Just a few years later, another myopic move added credence to the view of many Bolivians that the white-skinned folks who ran the government were only interested in lining their pockets. This time, it was the sale of natural gas assets to American companies, allegedly at below-market prices. (Bolivia has the second largest reserves in Latin America.) More protests erupted, answered by yet more repression. But by awakening the fury of the Indians, the political establishment signed its own death warrant. One president after the other resigned in the face of ever-deepening crises. In 2005, Evo won the presidency by a landslide.

The initial take in Washington was that the populist leader was cut from the same authoritarian cloth as Hugo Chávez in Venezuela and was sure to drive the economy (further) into ruin. In fact, this government has had an economic track record that is the envy of its neighbors.

Growth for the last five years has averaged above 5 percent; all told, since Morales took office in 2006, GDP (adjusted for inflation) is up by 55 percent. Meanwhile, the central bank had stashed away sufficient foreign currency reserves to pay for a year and a half's worth of imports before the commodity boom ended in 2012. Only China can make the same claim.

Equally important, the income gains have been shared; the percentage of the population living in poverty has been reduced by one-third during Morales' years in office.

When I arrived in Bolivia, one story was monopolizing the headlines: a scandal involving Gabriela Zapata, an ex-girlfriend of Evo – he's not married – and her seemingly miraculous rise in a Chinese company that did $500 million worth of business with the Bolivian government. Beyond the corruption narrative, the story included a son she had with Evo, who he claimed had died as a baby.

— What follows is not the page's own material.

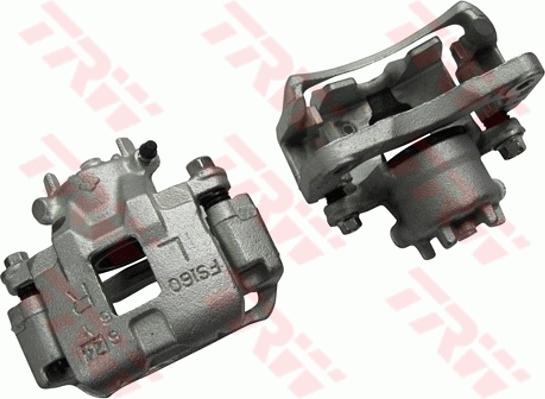 TRW BCM772 - Гальмівний супорт autocars.com.ua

Then, miracle of miracles, she revealed that the baby was alive and grown up, whereupon the government charged she had made up the story. She was subsequently arrested for money laundering, fraud and influence peddling. To top things off, the government also jailed her lawyer.

This outline for a telenovela – oops, this news – first dropped in February, just as Evo was asking voters to approve his proposal to change the constitution so he could stand for a fourth term. The "no" votes won by eight percentage points and Morale's government lashed out at opponents and the press, blaming them for manufacturing the Zapata story to besmirch his reputation.

 
EPA/Martin Alipaz
 
 
© Jose Lirauze/ABI/Xinhua/Alamy Live News
Álvaro García Linera, Vice President of Bolivia
 
 
Earnings on fuel exports rose from less than $1 billion to over $6 billion last year. And in spite of the fact that Evo has chosen to let the golden goose survive – even prosper – locals aren’t inclined to give him credit.
 
Santa Cruz

My first stop in Bolivia was Santa Cruz de la Sierra, which lies in a fertile lowlands plain east of the Andes and is a geographic metaphor for the division that has riven the country for much of its existence. Santa Cruz has historically been dominated by land-owning oligarchs of European descent, whose race-based dislike of the "indios" from the western highlands is, even today, barely concealed. This translates into an Obama-like phenomenon: when some people criticize Evo, saying that the Zapata scandal confirms their worst fears about his corrupt and authoritarian leanings, it's hard to parse out how much this has to do with his being a dark-skinned man of indigenous blood.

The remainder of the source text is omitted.